E ricordate: non siamo semplicemente araldi di un messaggio. No, sarebbe troppo, troppo poco. Siamo testimoni di un Vivente, il Crocifisso risorto, che è la ragione di tutte le cose, la vera nostalgia di ogni cuore umano, l’atteso in ogni tempo della storia, l’anelito mai domato che attraversa popoli e continenti.

Altro, al mondo, non abbiamo da dire o da dare, perché il mondo, più di ogni altra cosa, ha bisogno di Lui che è la Via, la Verità e la Vita. “Manda il Tuo Spirito, Signore, e rinnova in Gesù Cristo la faccia della terra, la faccia di questa nostra amata terra tortonese!”. L’invocazione allo Spirito Santo sia in noi continua, fedele, perseverante, fiduciosa; sia come il palpito del nostro cuore e divenga come il nostro respiro, il respiro che tutti ci accomuna, lungo il cammino che ci attende.

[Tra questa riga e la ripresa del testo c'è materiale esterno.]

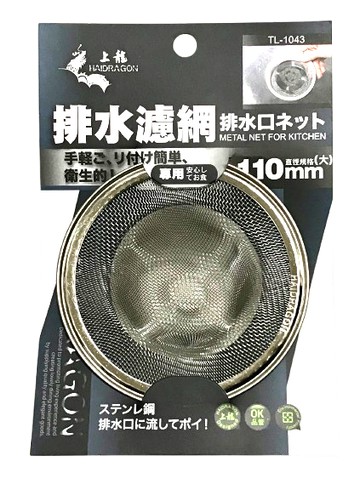 【晨光】臺灣 上龍HAIDRAGON 排水網 11cm(020514)【現貨】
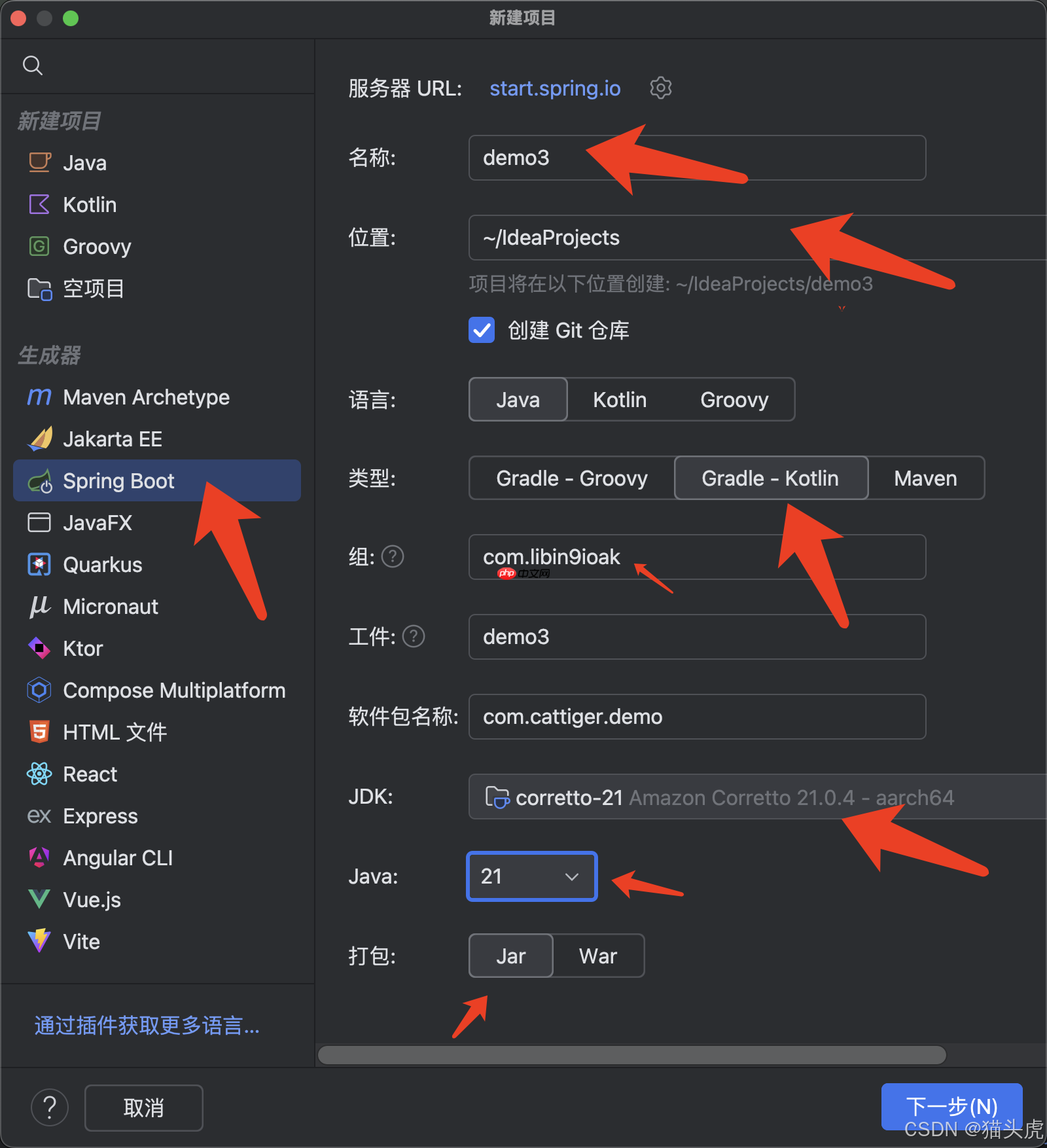 最新版 IntelliJ IDEA 下载、安装与基础配置教程 (支持 Windows / macOS / Ubuntu)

Iniziando il nuovo anno pastorale risuonano nel nostro cuore le parole di Gesù: “Rallegratevi…perché i vostri nomi sono scritti nei cieli” (Lc 10, 20). Come ci rallegrano davvero queste parole! Ci rammentano, infatti, che abbiamo una patria definitiva nei Cieli, che una casa eternamente stabile e felice è preparata per noi dall’amore infinito di Dio che ci è Padre. È proprio vero, allora: “Nulla potrà danneggiarvi” (Lc 10, 19), come ci assicura il Signore. Se è verità indiscutibile che nulla possiamo senza di Lui, è verità altrettanto indiscutibile che, con Lui e in Lui, nulla potrà esserci di danno. Lui, Gesù Cristo! Questa è la nostra speranza! Questo è il motivo di ogni nostra gioia! Questa è la ragione della nostra imperturbabile fiducia! Questa è la ragione per la quale, con rinnovato slancio e autentica passione d’amore, iniziamo, nella forza dolce dello Spirito Santo, un nuovo anno pastorale.

Ci accompagnino la preghiera e la presenza materna della Madonna, la nostra Santa Madonna. Ci accompagni l’intercessione preziosa dei nostri Santi: Marziano, Luigi Orione, Luigi Versiglia, e di tutti i Santi.